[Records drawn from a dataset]
* * * * * * * * *

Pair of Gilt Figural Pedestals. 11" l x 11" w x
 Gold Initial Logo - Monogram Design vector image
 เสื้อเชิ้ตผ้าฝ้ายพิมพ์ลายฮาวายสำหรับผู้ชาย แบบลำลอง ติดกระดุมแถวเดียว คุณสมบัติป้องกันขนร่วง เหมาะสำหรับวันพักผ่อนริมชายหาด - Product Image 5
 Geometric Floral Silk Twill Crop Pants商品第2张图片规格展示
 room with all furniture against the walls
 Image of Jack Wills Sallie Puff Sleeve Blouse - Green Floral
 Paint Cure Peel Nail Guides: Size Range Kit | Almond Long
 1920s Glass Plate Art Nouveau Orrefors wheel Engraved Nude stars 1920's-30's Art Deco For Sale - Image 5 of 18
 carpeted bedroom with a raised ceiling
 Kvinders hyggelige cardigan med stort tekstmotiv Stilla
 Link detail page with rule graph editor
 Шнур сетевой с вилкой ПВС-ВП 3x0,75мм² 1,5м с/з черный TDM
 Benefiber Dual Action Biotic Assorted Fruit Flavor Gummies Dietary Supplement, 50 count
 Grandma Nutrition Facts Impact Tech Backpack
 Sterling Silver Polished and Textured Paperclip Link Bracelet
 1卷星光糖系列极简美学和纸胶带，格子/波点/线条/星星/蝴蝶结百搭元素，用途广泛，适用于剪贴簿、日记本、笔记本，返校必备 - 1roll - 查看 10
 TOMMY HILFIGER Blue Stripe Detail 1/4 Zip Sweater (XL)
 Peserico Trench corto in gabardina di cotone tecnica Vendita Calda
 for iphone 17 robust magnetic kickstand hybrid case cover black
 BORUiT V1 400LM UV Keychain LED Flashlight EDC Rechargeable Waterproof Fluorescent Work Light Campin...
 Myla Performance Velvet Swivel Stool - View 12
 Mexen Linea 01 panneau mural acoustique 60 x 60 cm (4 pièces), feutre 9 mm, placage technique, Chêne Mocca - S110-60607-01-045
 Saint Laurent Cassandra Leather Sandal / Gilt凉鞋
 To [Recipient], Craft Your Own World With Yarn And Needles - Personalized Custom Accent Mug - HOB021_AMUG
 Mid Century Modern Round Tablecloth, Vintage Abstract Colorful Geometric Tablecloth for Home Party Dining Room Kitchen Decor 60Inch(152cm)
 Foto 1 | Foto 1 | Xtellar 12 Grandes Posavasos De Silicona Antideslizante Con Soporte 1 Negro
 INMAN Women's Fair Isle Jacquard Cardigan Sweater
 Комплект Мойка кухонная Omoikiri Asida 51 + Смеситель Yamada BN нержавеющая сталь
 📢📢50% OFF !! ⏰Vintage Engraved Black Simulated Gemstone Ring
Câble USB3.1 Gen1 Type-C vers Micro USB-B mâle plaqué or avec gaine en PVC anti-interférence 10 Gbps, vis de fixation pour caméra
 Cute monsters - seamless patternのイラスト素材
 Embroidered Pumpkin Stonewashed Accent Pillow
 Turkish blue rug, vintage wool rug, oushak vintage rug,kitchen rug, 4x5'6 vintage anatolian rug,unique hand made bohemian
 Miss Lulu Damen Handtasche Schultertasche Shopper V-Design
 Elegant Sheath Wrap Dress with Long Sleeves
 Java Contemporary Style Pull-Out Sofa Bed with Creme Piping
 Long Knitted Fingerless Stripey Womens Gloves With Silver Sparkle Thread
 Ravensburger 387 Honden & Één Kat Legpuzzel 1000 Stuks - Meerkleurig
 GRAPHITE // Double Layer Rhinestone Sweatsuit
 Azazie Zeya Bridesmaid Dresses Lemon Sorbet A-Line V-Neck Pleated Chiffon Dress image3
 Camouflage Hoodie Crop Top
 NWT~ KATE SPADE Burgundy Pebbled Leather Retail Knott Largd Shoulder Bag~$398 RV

* * * * * * * * *

**Required action**
Could you reproduce, exactly, every line above from the line with "Benefiber Dual Action" to the line with "INMAN Women's Fair", and no other line? Both ends count.

**Answer to the problem**
 Benefiber Dual Action Biotic Assorted Fruit Flavor Gummies Dietary Supplement, 50 count
 Grandma Nutrition Facts Impact Tech Backpack
 Sterling Silver Polished and Textured Paperclip Link Bracelet
 1卷星光糖系列极简美学和纸胶带，格子/波点/线条/星星/蝴蝶结百搭元素，用途广泛，适用于剪贴簿、日记本、笔记本，返校必备 - 1roll - 查看 10
 TOMMY HILFIGER Blue Stripe Detail 1/4 Zip Sweater (XL)
 Peserico Trench corto in gabardina di cotone tecnica Vendita Calda
 for iphone 17 robust magnetic kickstand hybrid case cover black
 BORUiT V1 400LM UV Keychain LED Flashlight EDC Rechargeable Waterproof Fluorescent Work Light Campin...
 Myla Performance Velvet Swivel Stool - View 12
 Mexen Linea 01 panneau mural acoustique 60 x 60 cm (4 pièces), feutre 9 mm, placage technique, Chêne Mocca - S110-60607-01-045
 Saint Laurent Cassandra Leather Sandal / Gilt凉鞋
 To [Recipient], Craft Your Own World With Yarn And Needles - Personalized Custom Accent Mug - HOB021_AMUG
 Mid Century Modern Round Tablecloth, Vintage Abstract Colorful Geometric Tablecloth for Home Party Dining Room Kitchen Decor 60Inch(152cm)
 Foto 1 | Foto 1 | Xtellar 12 Grandes Posavasos De Silicona Antideslizante Con Soporte 1 Negro
 INMAN Women's Fair Isle Jacquard Cardigan Sweater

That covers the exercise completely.